- **TASK ITEM**:
Establish how many lines in the records below include the word "glowing"; respond with that number only.

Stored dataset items
- Opening Delimiter -

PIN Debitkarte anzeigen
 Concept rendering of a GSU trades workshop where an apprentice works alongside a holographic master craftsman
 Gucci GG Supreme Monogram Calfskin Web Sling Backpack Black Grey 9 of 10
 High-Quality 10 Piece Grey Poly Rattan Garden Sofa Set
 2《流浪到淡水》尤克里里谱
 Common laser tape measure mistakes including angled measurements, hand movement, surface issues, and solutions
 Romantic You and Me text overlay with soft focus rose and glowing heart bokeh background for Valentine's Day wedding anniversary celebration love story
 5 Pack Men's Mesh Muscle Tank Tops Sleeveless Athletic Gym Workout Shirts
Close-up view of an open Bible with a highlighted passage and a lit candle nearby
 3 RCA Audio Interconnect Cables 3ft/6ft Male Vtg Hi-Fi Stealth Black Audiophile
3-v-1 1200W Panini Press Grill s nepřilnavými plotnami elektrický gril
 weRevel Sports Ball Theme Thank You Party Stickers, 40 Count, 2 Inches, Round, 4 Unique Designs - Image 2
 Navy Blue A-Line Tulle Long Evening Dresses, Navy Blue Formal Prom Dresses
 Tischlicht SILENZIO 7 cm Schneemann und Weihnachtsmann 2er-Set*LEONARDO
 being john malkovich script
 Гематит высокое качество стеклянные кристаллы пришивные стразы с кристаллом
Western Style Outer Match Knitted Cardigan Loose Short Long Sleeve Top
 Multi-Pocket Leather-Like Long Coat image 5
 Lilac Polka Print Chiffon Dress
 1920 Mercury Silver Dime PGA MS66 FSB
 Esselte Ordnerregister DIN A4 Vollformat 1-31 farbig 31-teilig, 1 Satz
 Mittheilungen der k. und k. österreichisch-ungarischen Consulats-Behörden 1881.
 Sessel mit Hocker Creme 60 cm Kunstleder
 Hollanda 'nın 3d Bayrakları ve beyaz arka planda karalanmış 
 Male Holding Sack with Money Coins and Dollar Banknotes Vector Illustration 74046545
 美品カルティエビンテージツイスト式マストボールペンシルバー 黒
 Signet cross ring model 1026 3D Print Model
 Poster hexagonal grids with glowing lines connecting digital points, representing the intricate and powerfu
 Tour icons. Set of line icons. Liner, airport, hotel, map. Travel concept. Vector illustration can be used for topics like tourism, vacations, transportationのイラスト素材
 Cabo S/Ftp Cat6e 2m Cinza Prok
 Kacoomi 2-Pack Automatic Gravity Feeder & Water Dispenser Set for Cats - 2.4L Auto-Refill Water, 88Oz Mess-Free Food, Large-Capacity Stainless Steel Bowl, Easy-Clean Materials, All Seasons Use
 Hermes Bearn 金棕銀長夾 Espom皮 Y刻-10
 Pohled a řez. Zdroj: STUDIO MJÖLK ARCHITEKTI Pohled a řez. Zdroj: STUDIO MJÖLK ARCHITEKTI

- Closing Delimiter -

- **SOLUTION FOR THIS EXERCISE**:
2